Sunday, April 2, 2006

Thinking of myself as a raced subject

I have an essay that's due on Wednesday, April 5. Basically, the topic is "Discuss your own construction as a 'raced' subject".

I know I have always considered myself as Indian - because I am! But I'm a South African Indian, which means I'm of Indian descent born in South Africa. But when it comes to grouping myself in terms of race, I find myself battling with this and I seem to be questioning my identity as I attempt this assignment.

Living in a multi-racial country like SA, I have been exposed to various cultures and traditions. I attended a predominantely 'white' school, where I made some really good friends. At times, this may have conflicted with my life outside of the classroom and the schoolgrounds. At school, I think I may have been 'white-washed', but when I got home after the school day, I had to change my identity and become an Indian girl again.

I think it was only after high school that i realized the two could be integrated. In other words, around the time of my being 16 or so, it may have dawned on me that it was "ok" to be Indian at a "white" school.

It's also strange at how I became even more proud of my culture only when the west started recognizing the beauty and authentic nature of the east. My white friends were intrigued by the bindi's, sari's and samoosa's. It was almost as if pop culture actually gave the go ahead for us to accept such things.
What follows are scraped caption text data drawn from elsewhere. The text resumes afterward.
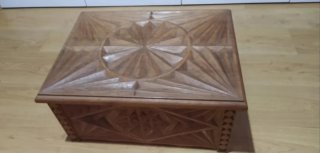 Caja de madera tallada a mano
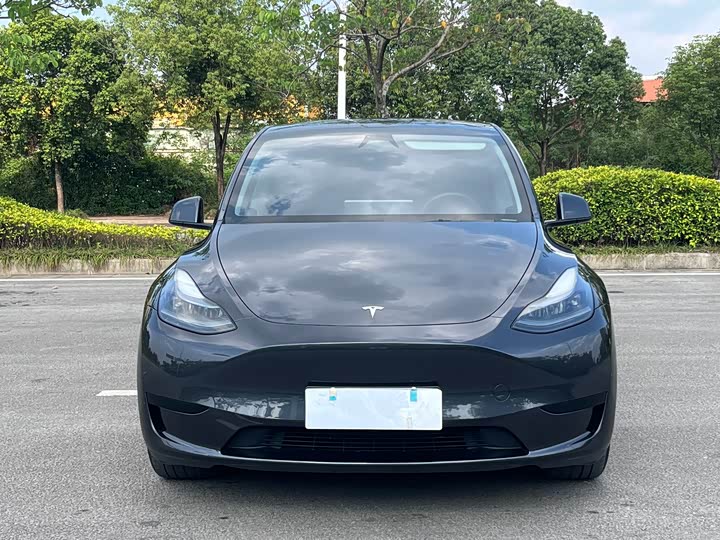 Zdjęcie 2 - Tesla Model Y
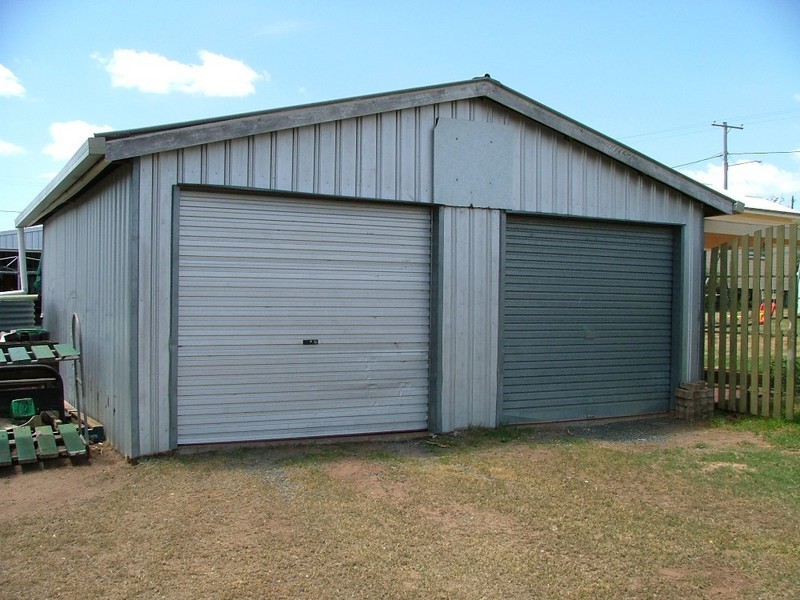 153 Mocatta Street, Goombungee QLD 4354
During my studies in my Journalism and Media Studies course, "Representation, Identity and Ethics" I came to learn about a concept known as "whiteness". Richard Dyer explains that in all western representations, whites were regarded as the norm and standard. Other races were considered inferior to the white race.

Dyer also speaks about how 'whiteness' has become so dominant, that it is deemed 'normal' for other races to merely assimilate to the 'white culture'.

All this talk has really gotten my mind in a jumble and has me questioning myself - who am I really? Have I been assimilated into the dominant culture that I have been integrated into all my life? If so, is it too late to back out, analyze who I am and try to identity who "I" am?!